A la Comédie de Valence, Alice Zeniter questionne l’importance de la fiction par rapport au réel dans un seul-en-scène drôle et singulier. Entre monologue, confession intime et dissertation éclairée, la romancière et dramaturge s’amuse des mots, des idées et mène une réflexion fulgurante sur la force du récit dans nos quotidiens.
Cheveux, bruns bouclés, coupés courts, tenue ample, Alice Zeniter entre sur scène comme elle entrerait dans un amphithéâtre. Fine, elle sait tout de suite captiver l’attention de son auditoire. Elle parle d’elle, de son métier, de sa passion. Ce qu’elle préfère ce sont les mots, les histoires, les récits. Elle s’y plonge avec gourmandise. A 34 ans, elle a déjà publié sept romans, obtenu plusieurs prix littéraires. Sa curiosité, son goût de la perfection, de l’apprentissage, la poussent à creuser, à chercher d’où vient cet intérêt commun pour la fiction, et comment en désacraliser la puissance évocatrice et émotionnelle.

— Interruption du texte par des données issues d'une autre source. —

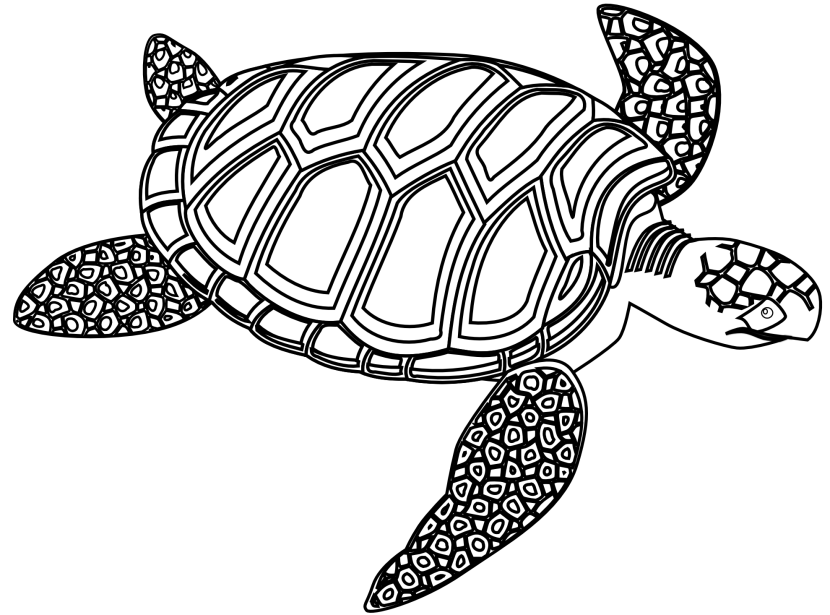 830x615 Turtle Outline Clipart Black And White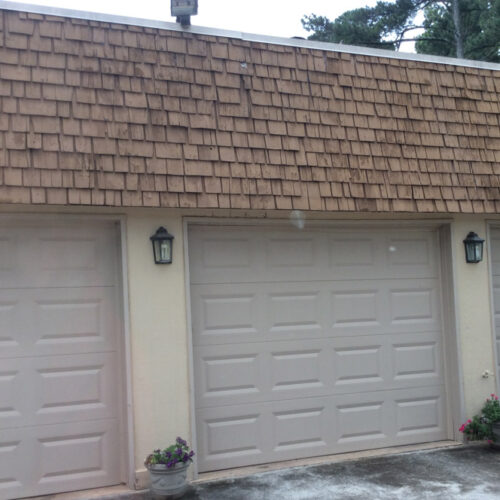 Commercial Wildlife Damage Repair
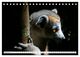 Thumbnail-11
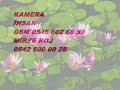 farkin mirze roj farkin mirze roj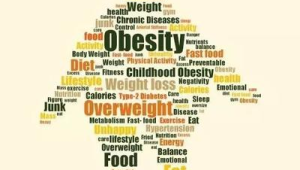 远离脂肪肝的四个关键方法 第1张 远离脂肪肝的四个关键方法 第1张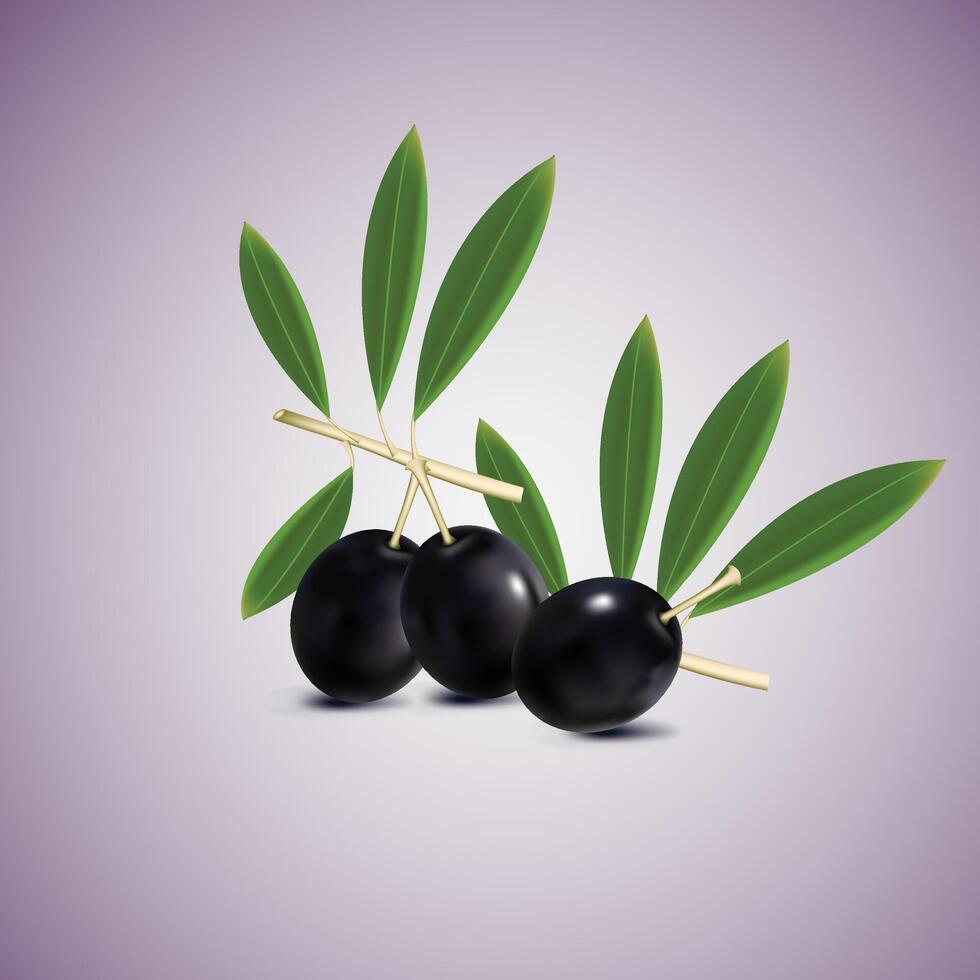 set of black olives on a branch, pickled pitted olives vector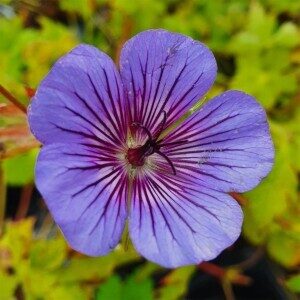 Geranium wallichianum 'Blue Sunrise'; Wallichi kurereha 'Blue Sunrise'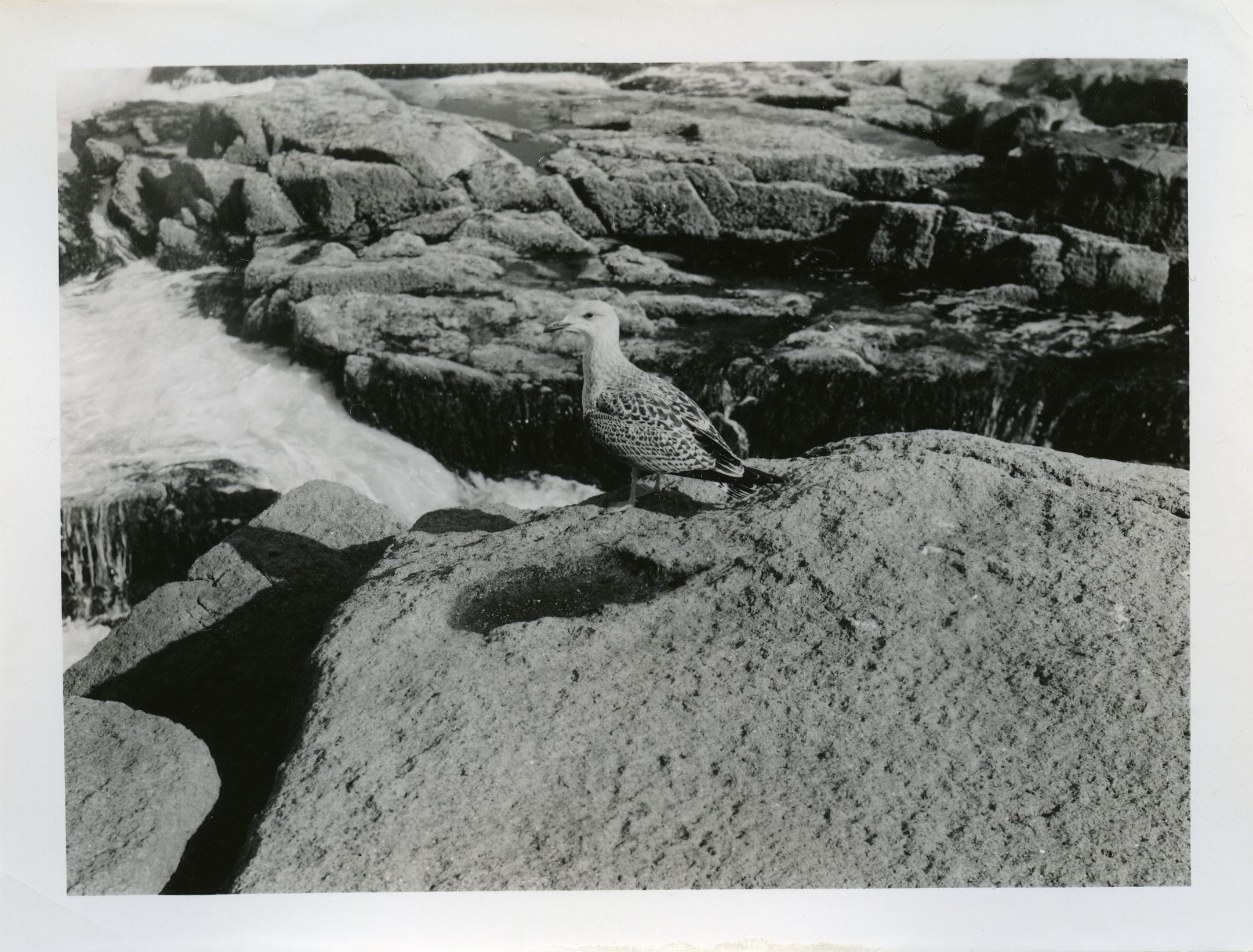 Gull Herring (Immature)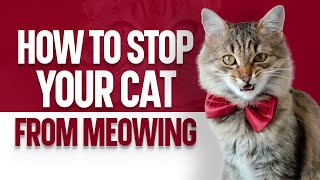 How to Stop Your Cat from Meowing by OurFitPets 14,347 views 1 year ago 3 minutes, 56 seconds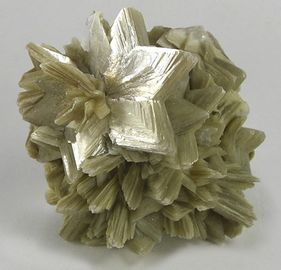 Muscovite.jpg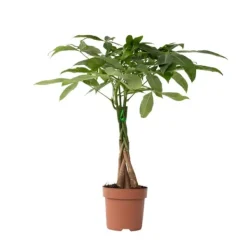Strandkastanj - Pachira aquatica - Höjd 60-70cm - ⌀17cm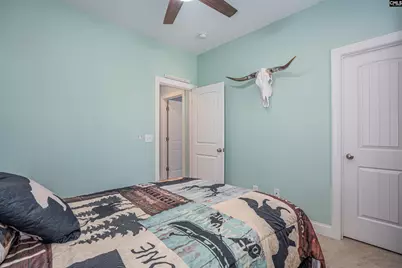 324 Brenthaven Drive, Chapin, SC 29036 - Photo 23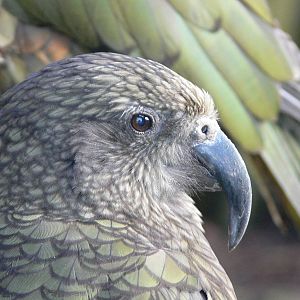 Kea at Blackpool Zoo, 09/12/12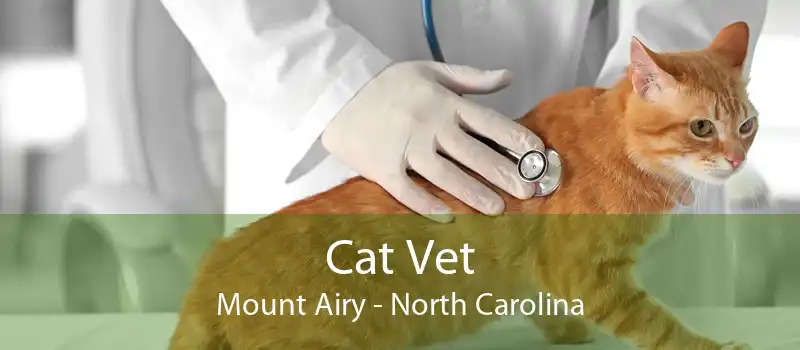 Cat Vet Mount Airy - North Carolina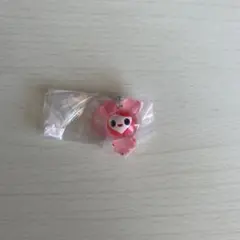 TWICE LOVELYS めじるしアクセサリー　チェヨン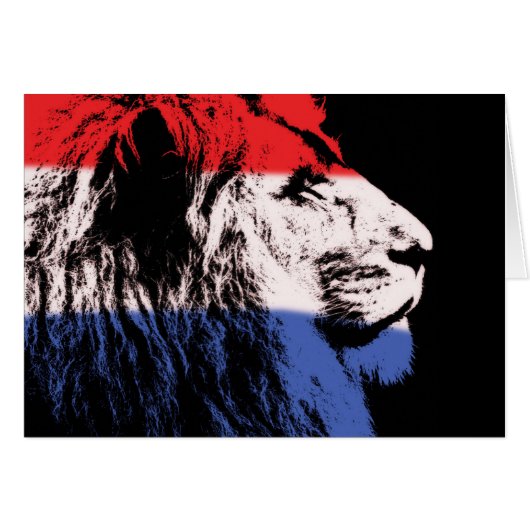 Sleeping lion profile cards (Front Horizontal)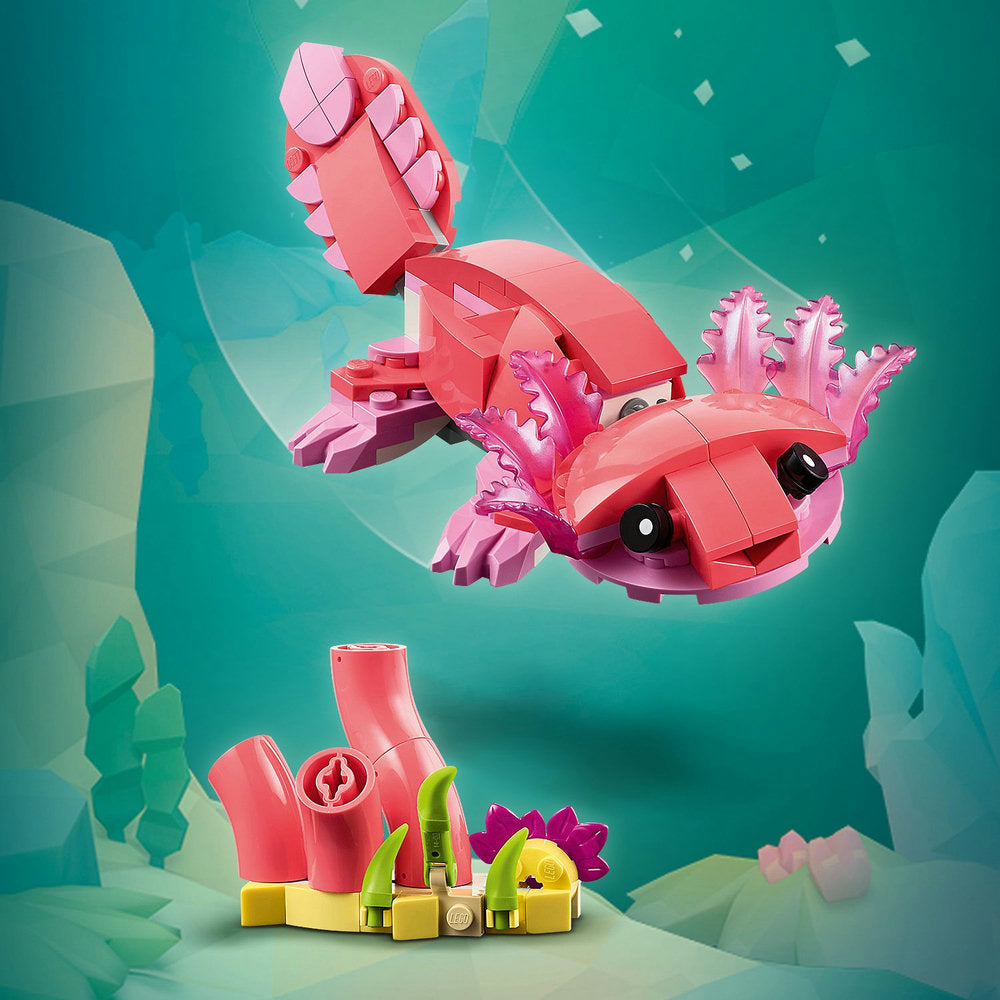 Fauna Salvaje: Flamenco Rosa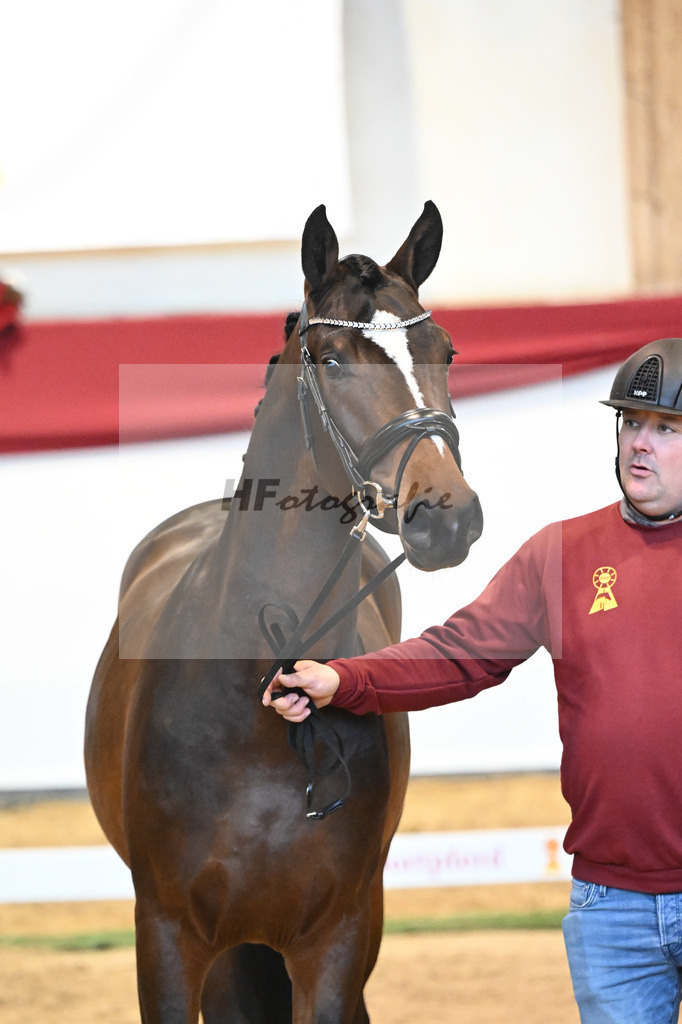 Kat-Nr. 7 Bon Vivaldi x Florencio I_Kornes_43231767 | hf-fotografie - Realisiert mit Pictrs.com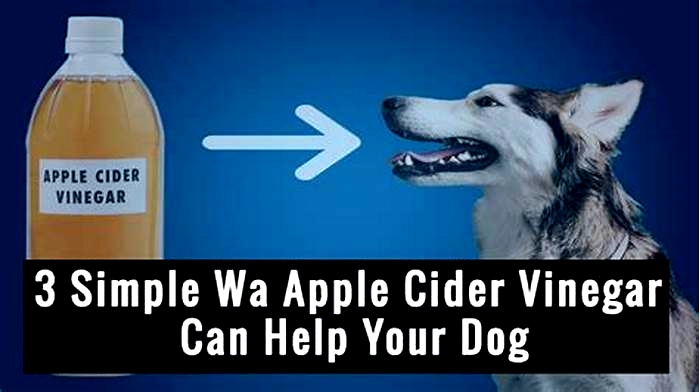 Can I spray apple cider vinegar on my dog's skin?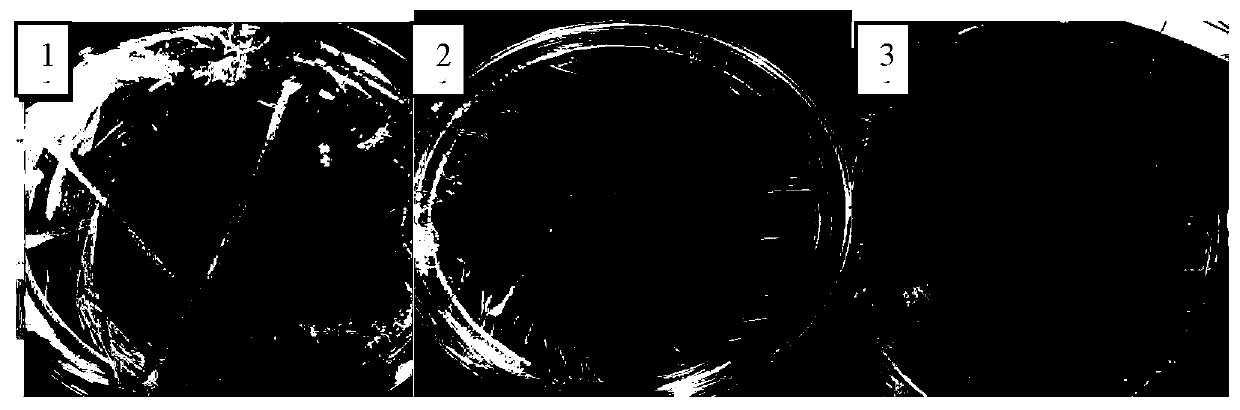 Composite mycorrhiza biological fertilizer, and preparation method and application thereof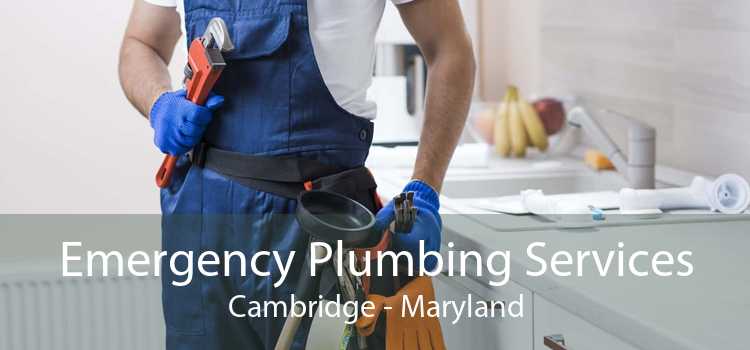 Emergency Plumbing Services Cambridge - Maryland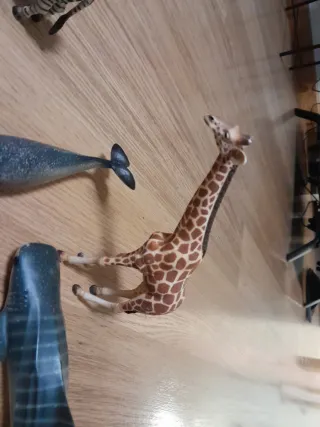 Lote animales salvajes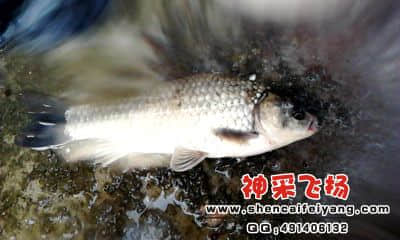20120402_1756_2.jpg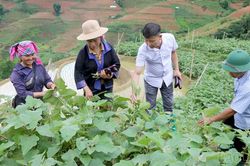 Từ '2 giờ làm nông dân' đến những mùa vụ đổi thay ở Lao Chải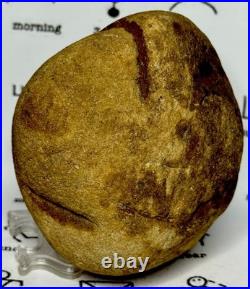 Native American Indian Authentic Artifact Stone Effigy Carved, 1 lb 10 oz. VA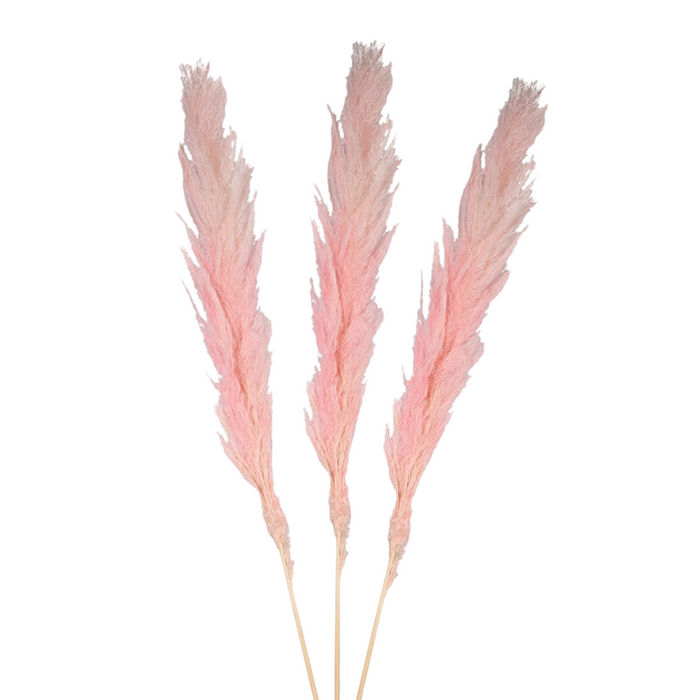 Pack of 3 Large Real Pink Pampas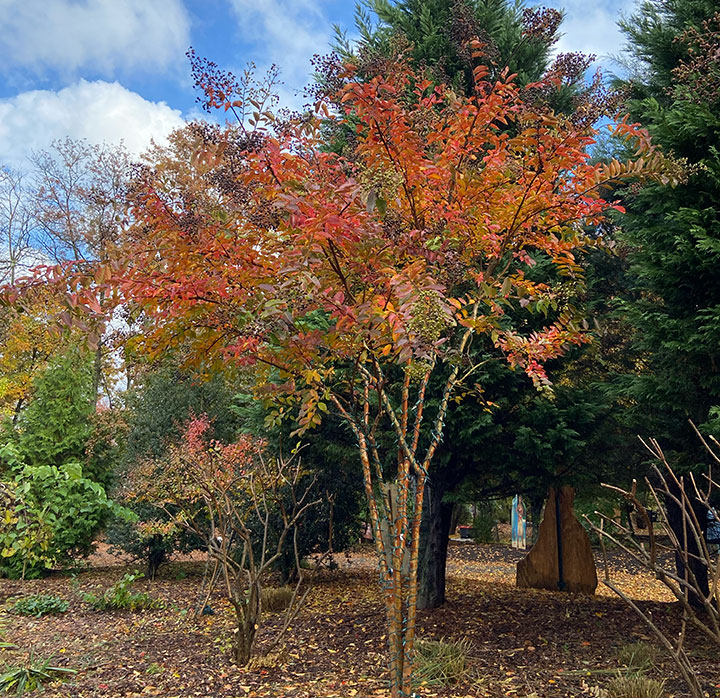 Crape Myrtle in autumn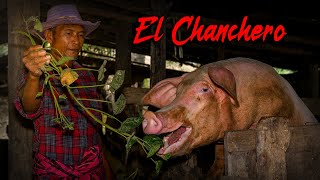 EL CHANCHERO | Cuentos y Leyendas de Honduras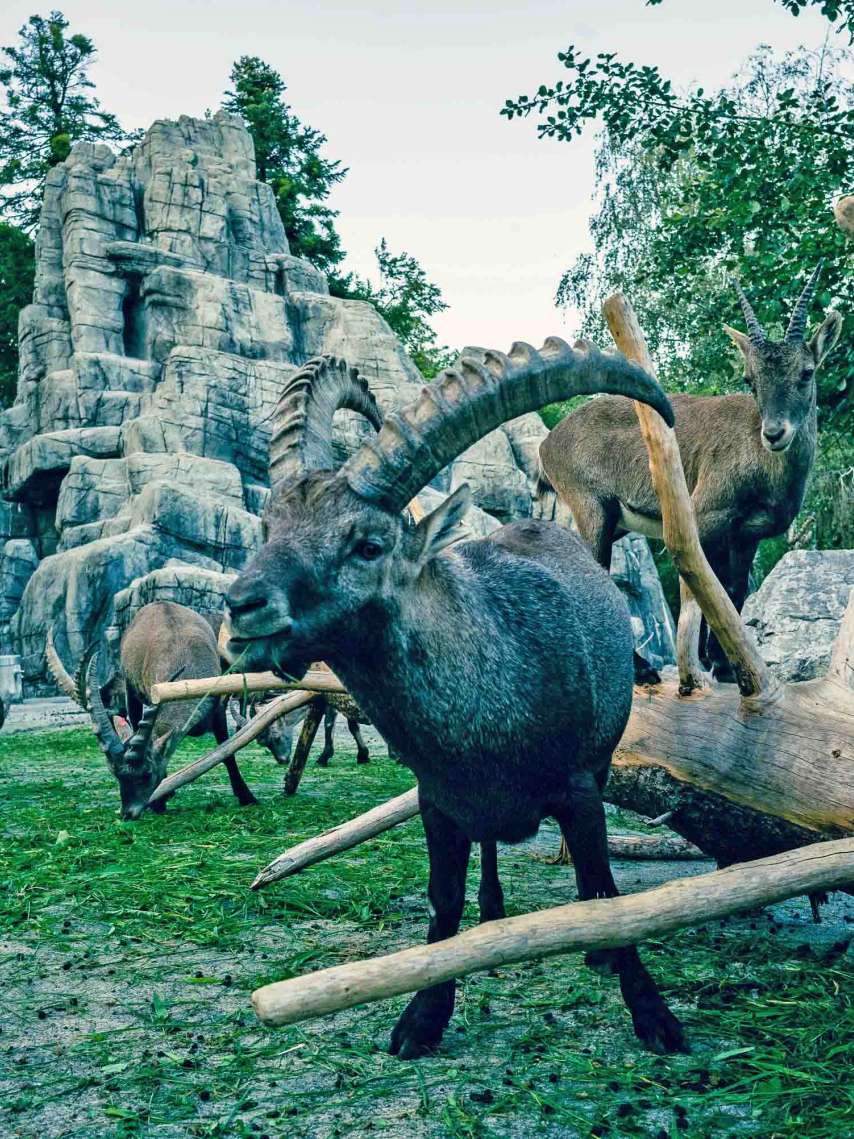 Game Park Peter and Paul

Le récit plus fort que le réel
S’appuyant sur les écrits de la romancière américaine Ursula Le Guin, l’érudit italien Umberto Eco, les philosophes Aristote et Frédéric Lordon, elle construit une thèse drôle autant que savante, s’amuse à entremêler à ses réflexions les histoires de Superman, de Jon Snow, sans oublier de mentionner son « crush » secret pour Enjolras, un des personnages des Misérables de Victor Hugo. Déconstruisant la magie du récit pour mieux la réinventer, Alice Zeniter explique comment les cueilleurs de la préhistoire, aux histoires ennuyeuses, se sont fait voler la vedette par les chasseurs aux vies plus palpitantes.
Le public pour témoin
Choisissant la forme directe en s’adressant directement aux spectateurs, la romancière invite à surfer sur le flot foisonnant de ses pensées. L’écrivaine se confesse, se livre avec beaucoup d’autodérision. Elle a le sens du rythme, du suspens. Alice Zeniter joue avec les mots, les récits, se délecte de leur puissance romanesque. Tour à tour professeur, amie, auteure, elle multiplie les styles, les tons, attrape l’attention pour le plus grand plaisir de tous.
Entre réalité et onirisme
Dans le décor blanc, poétique, fait de feuilles blanches, concocté par Marc Lainé, la romancière navigue comme un poisson dans l’eau. Un peu trop peut-être, emportée par sa propre verve, elle a un peu de mal à conclure, rajoutant une dernière assertion intéressante certes mais pas forcément nécessaire. Rien de grave, Alice Zeniter a du talent, une présence scénique incroyable et une plume vive. Avec Je suis une fille sans histoire, elle signe un spectacle itinérant particulièrement futé, une belle histoire qui fait mouche.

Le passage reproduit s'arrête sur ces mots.